Friday, November 30, 2007

My own reflections on Michael Walzer’s Dirty Hands

As the 2008 Presidential Election already begins ramping up like a campaign financier’s opiate dream, I look at the contenders and feel a strange satisfaction. Among the bizarre (the Vegan), the knavish (another son from Hope), and the quietly charmed (the Mormon), I note an alarming trend. Rather than straightforward politicians, in this primary’s field, I am seeing human beings with clear moral principles, and maybe, just maybe, the personal fortitude to stick to their guns on the issues. There is a smooth-talking New Yorker, who loves New York for all the right reasons. There’s the boy who grew up in poverty, who is driven to reshape policy and create some kind of economic equity. There’s the woman who stands for gumption, and resilience—who knows what she believes and cannot be quieted. There is a man who suffered as a prisoner of war, whose legacy includes a protection of all people, particularly soldiers, when they are defenseless and in the hands of the enemy. Then there is Obama.

Obama nearly shimmers on screen. In person, he is honest (seeming), passionate, distressingly charismatic, and speaks about hope like a wonderful hybrid of Bobby Kennedy, Martin Luther King Jr., and Moses. Sun-beams effervesce from his smile (God bless the orthodontists, the make-up artists, the photographers). Brilliance drips from his rhetoric. And, in the ill-timed (and questionably worded) terms of his opponents, that Obama—he certainly is clean.

Here, this term is not meant as an assessment of race relations, or of black politicians. The shimmering Colgate clean of Obama is a qualifier few others (no matter their situation, place in history, or dental hygiene) could muster. He does not strike the average citizen as a typical politician. We expect, for better or worse, that our political leaders from time to time find themselves between a rock and a legislative hard place. They back-room deal; they lie; they swindle; they cheat and backstab—but they do it all for us. So long as they do not seem to enjoy all of that necessary evil, we shake their dirty hands, let them kiss our babies, and thank them for their time.

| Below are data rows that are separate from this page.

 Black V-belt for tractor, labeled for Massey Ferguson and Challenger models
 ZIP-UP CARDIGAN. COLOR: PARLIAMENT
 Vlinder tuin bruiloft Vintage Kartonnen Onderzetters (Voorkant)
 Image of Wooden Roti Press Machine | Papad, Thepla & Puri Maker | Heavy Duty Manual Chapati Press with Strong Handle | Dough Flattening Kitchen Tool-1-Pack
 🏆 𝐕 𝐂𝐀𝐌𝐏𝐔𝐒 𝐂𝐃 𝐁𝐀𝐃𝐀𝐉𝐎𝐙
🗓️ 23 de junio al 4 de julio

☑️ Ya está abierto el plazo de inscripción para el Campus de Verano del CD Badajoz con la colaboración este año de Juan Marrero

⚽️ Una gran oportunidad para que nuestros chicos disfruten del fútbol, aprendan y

Whether or not Obama’s soul is as astringently clean as it appears, what he represents is an anomaly. The good politician. He’s Jimmy Carter…He’s old what’s his name with the apple tree. He must either be sweet but ineffectual, or a mythical beast from our national imagination. If the usual standards hold, it will only be a matter of time.

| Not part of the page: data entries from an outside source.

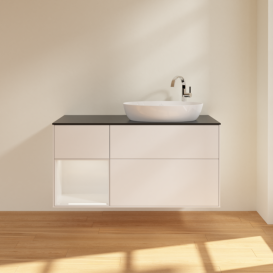 Тумба под раковину Villeroy & Boch Finion 120х50,1 см с подсветкой МДФ белый матовый лак/стекло черное матовое F922GFMT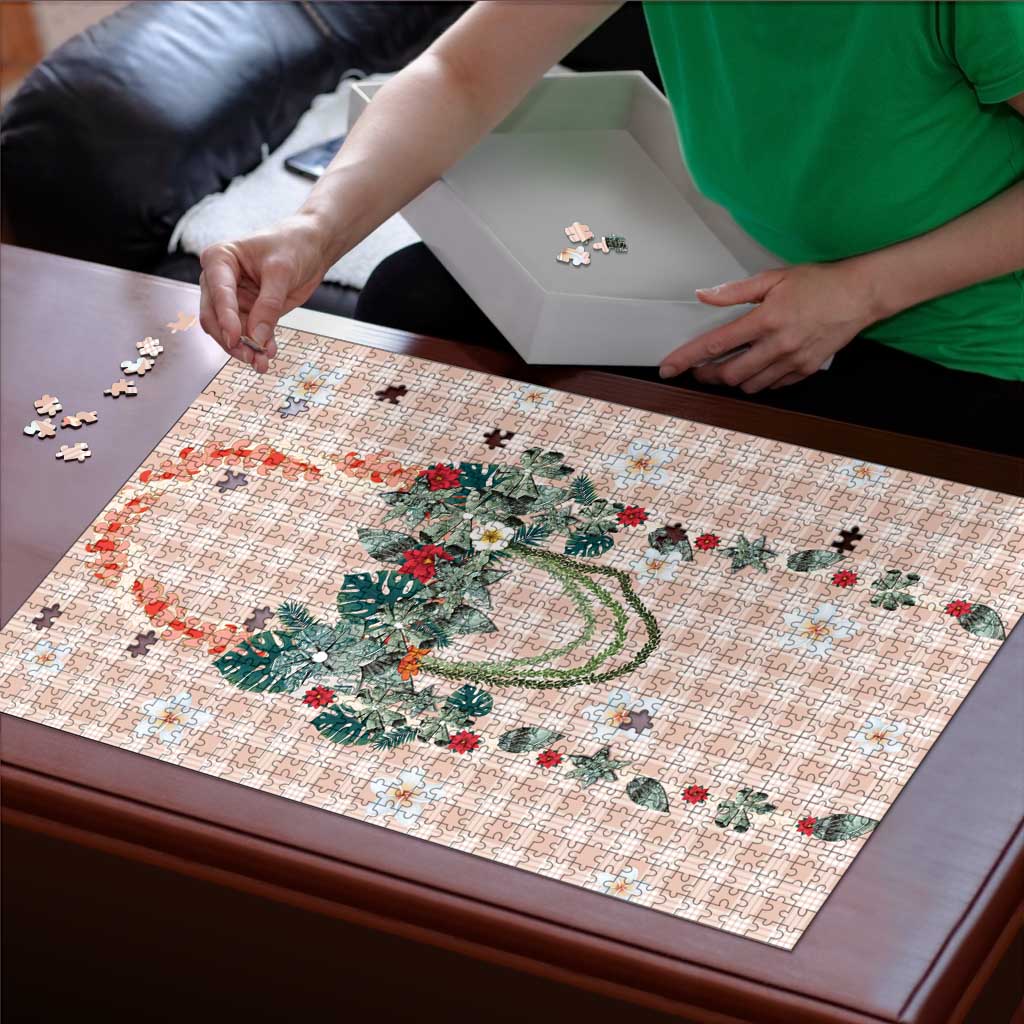 Peach Hawaiian Palaka Puzzle Kukui Nut Money Lei - Polynesian Pride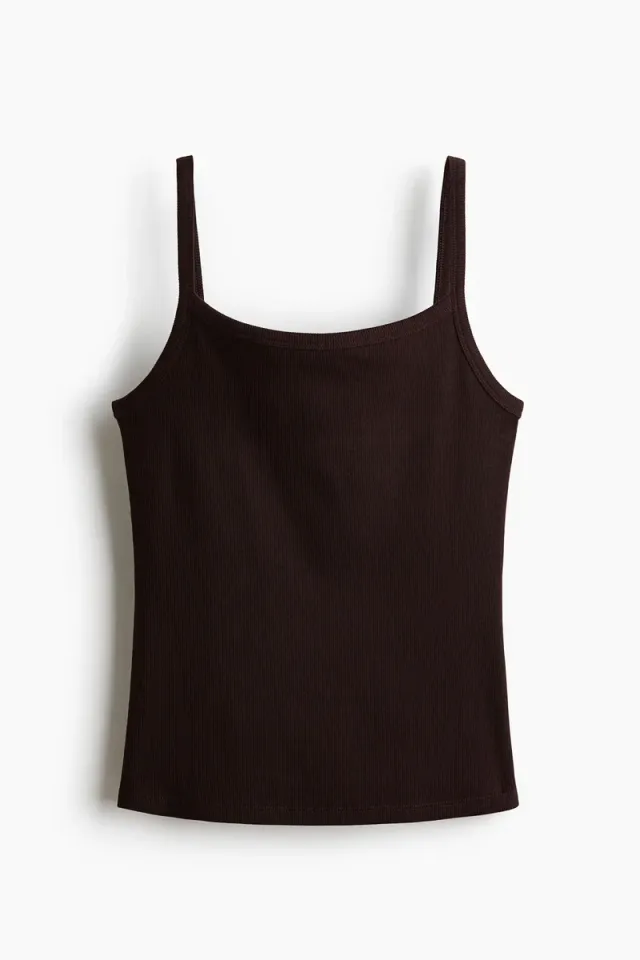 Ribbed Cotton Strappy Top – image 4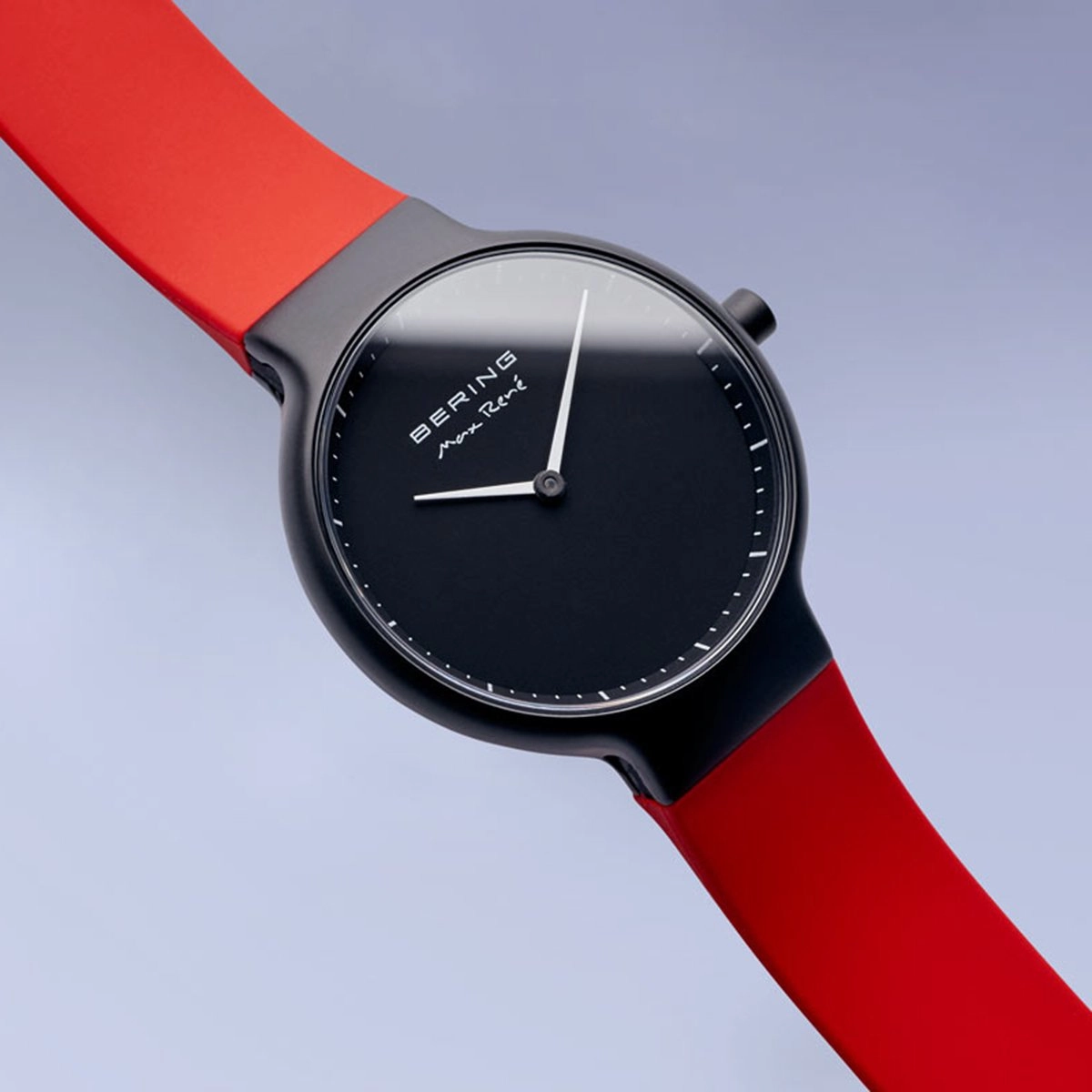 Bering Max Ren Matt Black Red Silicone Watch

Looking more to what a character like Obama will likely face, imagine the idealistic, moralistic political leader. Sooner or later the backbone of the moral politician is broken. He will be faced with a dilemma. The dilemmas of states’ craft being what they are, this will be no simple lesser-of-two-evils situation. The good politician will have to choose between his own moral standards (kill only in self-defense, for example) and the protection of the people he serves. If he is too good (and clings to his own moral standards), he fails us. If he becomes too lax with his morality, we learn to loath him, fear him, and bless the day when we can be rid of him. The only path is that of reasonable guilt. He must dirty his hands. He must know when to bend and do what he knows is wrong, what as a citizen he would never do, and bear the weight of that evil, for he is our (civil) servant.

If he remains too good, his morality makes him selfish, and he is condemned. If he loses his goodness, we shall condemn him moreover. If he does what he must, he condemns himself.

Of all the political crimes charged against George Bush in the last few unpopular months, the most heinous for most of us is this: his moralism got in the way. Bush’s ideals about terror, the axis of evil, about what was right—this became more important to him than what we felt was necessary for us. According to his own code of ethics, he was willing to do whatever he must for what he felt was right—he was too good, in his own way. He dirtied our hands for his own morality—thus inverting the trajectory to which we have grown accustomed.

I think ahead to spring, and then November. I consider this field of worthy souls (many reasonably good human beings on both sides)—and I worry about my culpability as a voter. What am I really willing upon the candidate that I select?

You who shine with hope, with brilliant policies, with valiant pasts and plans for our tomorrows—do you realize the weight of what you will undertake? There will be days when each one of us will hate you, tolerate you, perhaps some will love you—but none of us can forgive you for being too principled. None of us can allow for your hands to be clean. You are running your conscience on this ticket—and we, those who bother to show up, will decide if you are worthy of being both good and bad enough.